What do relationship dynamics have to do with it? If you see someone steal from a business, do you need to see the financials and know the 'dynamics' of the business to know it is wrong? Is there some relationship dynamic that would make it OK?

If you see someone breaking into their house to attack their family, would you not inform them? Infidelity is no different, it is an attack on a marriage and family. It is ESPECIALLY important to protect them if there are kids involved, wouldn't you think?

Yes, I do think it is especially important when there are kids involved to do anything to save a marriage, including letting the betrayed, unaware spouse know they have a problem to fight.

The type of dynamic I was thinking of was if the spouse is an angry abuser it could put lives in danger to just drop an exposure message out of the blue. If you knew that to be the case there would be two separate issues to deal with and one is extremely hurtful and the other is life and death. They both have to be addressed.

Also, I know MB can help couples survive an affair, but if they don't have those resources it can push the marriage in directions it would not go on its own at that time to expose in the middle rather than letting the affair die its natural death.

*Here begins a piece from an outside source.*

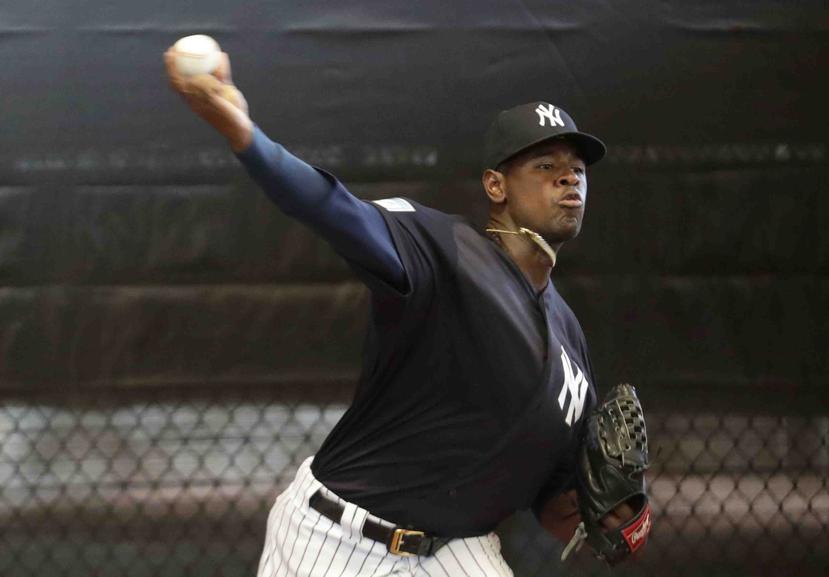 El pitcher abridor Luis Severino de los Yankees de Nueva York lanza en el bullpen en Tampa, Florida. (AP)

And I just don't know these dynamics. If it were personal situation, or a close friend I would know what the right choice was. Obviously I am second guessing any info or impressions I got through her as she has proven unwilling to be a 100% honest person. So sorting through it is not always clear what is fact and fiction.

Using the theft analogy...if I saw the boy beside her sitting there holding her bag I would stop and observe a little before I rush up screaming thief. I would be ready to act. I might approach and ask questions. But I wouldn't assume I knew what was going on.

I feel this acquaintance is exercising extremely poor boundaries, but I don,t have solid proof.....yet.I just am not close enough to see clearly though my instincts tend to be correct on these things.
I am asking some innocent questions of mutual acquaintances that do know the whole family to make sure he isn't,t an angry maniac. Don't think I am looking the other way. If you have stories of this kind of thing and how to drop a message out of the blue to a man you never met it would help. I only have contacts that are likely to reach her instead of him and she is manipulative enough I don't want her to have prior warning that it will be exposed.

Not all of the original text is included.